Au Domaine d’O, la 38e édition du festival montpelliérain fait la part belle aux drames d’hier. Des Atrides à Tchekhov, le rire n’est jamais loin des larmes. 

 Sous la luxuriante pinède du domaine d’O, la tramontane souffle en rafales, rafraîchissant quelque peu l’atmosphère. En ce soir d’ouverture, Tchekhov est à l’honneur. Face à face, se retrouve Platonov, l’œuvre de jeunesse du dramaturge russe, totalement revisitée par Cyril Teste, et l’une de ses plus célèbres tragédies, La Mouette, resserrée autour de cinq personnages par l’argentin Guillermo Cacace. Si le premier, caméra au poing, emporte le drame de cette bourgeoisie décadente du XIXe siècle sur les rives d’une oisiveté cynique, le second tire les fils d’une tragicomédie toute almodovarienne. 

Que dire de La Mouette, aujourd’hui ? Comment l’ancrer dans le temps présent ? Guillermo Cacace fait le choix de l’intime.
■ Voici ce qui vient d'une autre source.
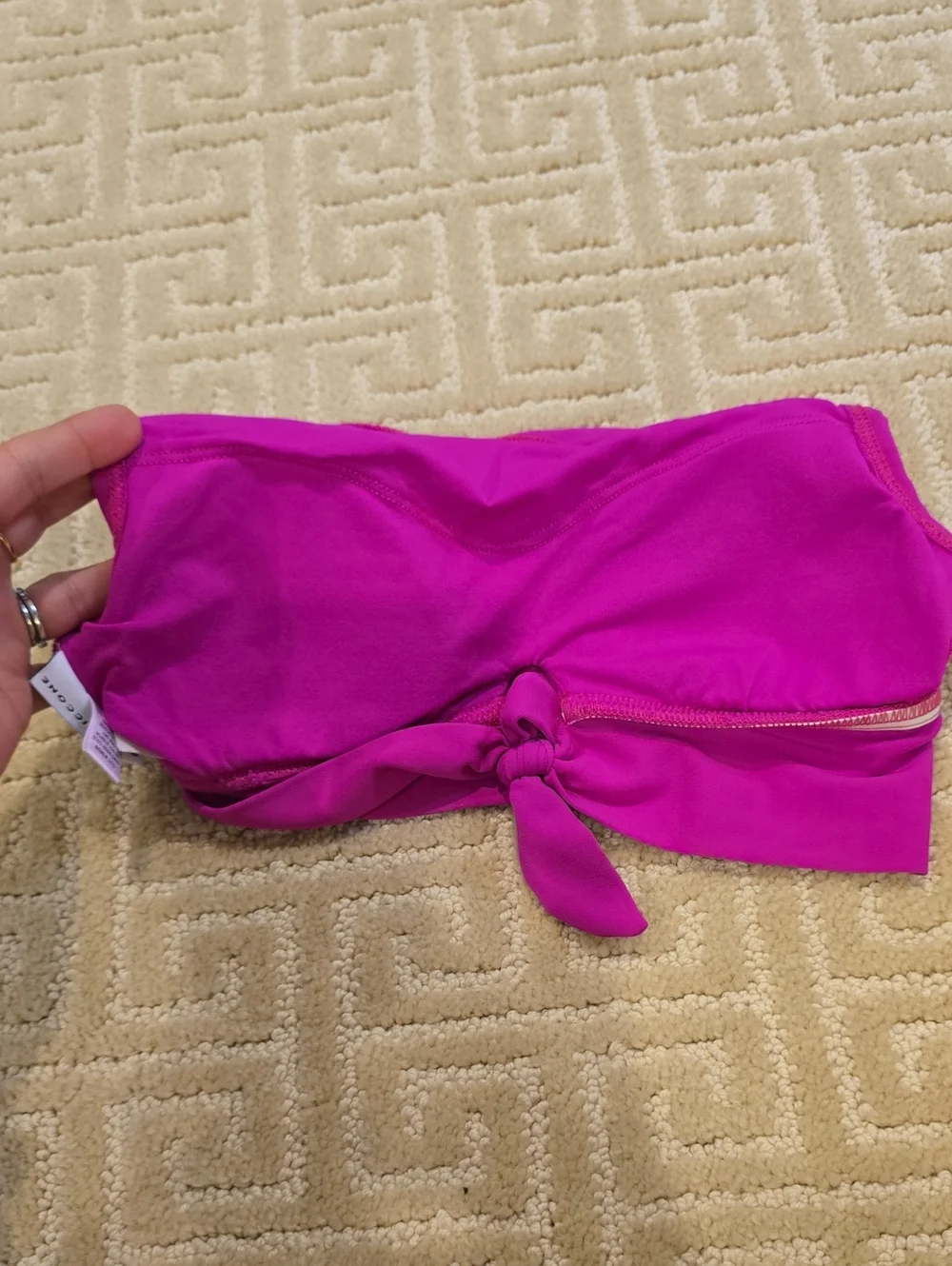 Robin Piccone Knot-Front SwimTop - Bright Fuchsia, Size S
Après un prologue qui rappelle la situation politique et sociale catastrophique de son pays après l’ascension au pouvoir de l’ultralibéral Javier Milei, ainsi que la difficulté de créer aujourd’hui quand on pense autrement, il se débarrasse de tout ce qui fait théâtre, ou presque, pour se concentrer uniquement sur le jeu intense et ardent de ses cinq comédiennes, toutes fantastiques. L’espace est réduit, une cabane au cœur des pins. Pas de scène, pas de plateau, juste une immense table, jonchée de chips, de mouchoirs et autres verres de vin, autour de laquelle sont installées les cinq comédiennes, rejointes par une poignée de festivaliers, les autres prenant place sur les deux rangées de gradins juste derrière. En faisant fi du quatrième mur, en rendant palpable les émotions des personnages, le metteur en scène magnifie l’œuvre tchekhovienne en y insufflant ce petit truc très Amérique latine, entre mélodrame et burlesque. Tout simplement jubilatoire ! 
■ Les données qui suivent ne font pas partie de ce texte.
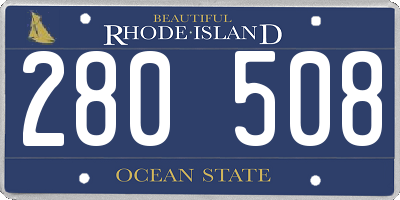 RI license plate 280508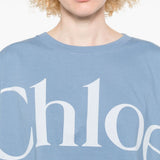 Chloé Chloè T-shirts and Polos Clear Blue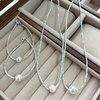 image:imageNONNYL Pearl Necklace for Women Gifts Sterling Silver Genuine White Freshwater Cultured Pearls Pendant Necklaces Christmas Gifts for Mom Wife Girlfriend Her Anniversary Birthday Fine Jewelry NO11341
Loin de la « caliente » sud-américaine, de cette folie latino qui donne des couleurs chamarrées à la morosité du quotidien, Cyril Teste emporte les personnages de Platonov dans un tourbillon frénétique, mais qui a du mal à dépasser l’entre-soi. Le drame bourgeois auquel il convie les spectateurs, se fige sur le grand écran qui surplombe la scène et finit par écraser le théâtre qui tente d’exister au-dessous. Le fil qu’il tire de l’œuvre, écrite à 18 ans par le dramaturge russe, est simple, donner à voir les petits drames, les animosités qui fissurent, l’alcool aidant, les amitiés, les soirs de fête. Hôtesse désargentée (flamboyante Olivia Corsini), invite, comme chaque été, un petit groupe de connaissances – trente spectateurs sont conviés à rejoindre le plateau et à se mêler aux artistes- à partager ses soirées autour d’un buffet avec de la bonne musique. L’ambiance est euphorique, bien qu’un peu forcée, mais l’arrivée de Micha-Platonov va cristalliser les tensions. Les caméras indiscrètes vont scruter les moindres anicroches, toutes finalement assez banales. Les couples se font, se défont, les vifs emportements se sont calmés, rien ne s’est passé, sauf le temps qui a filé, indifférent aux émois et tourments des protagonistes. 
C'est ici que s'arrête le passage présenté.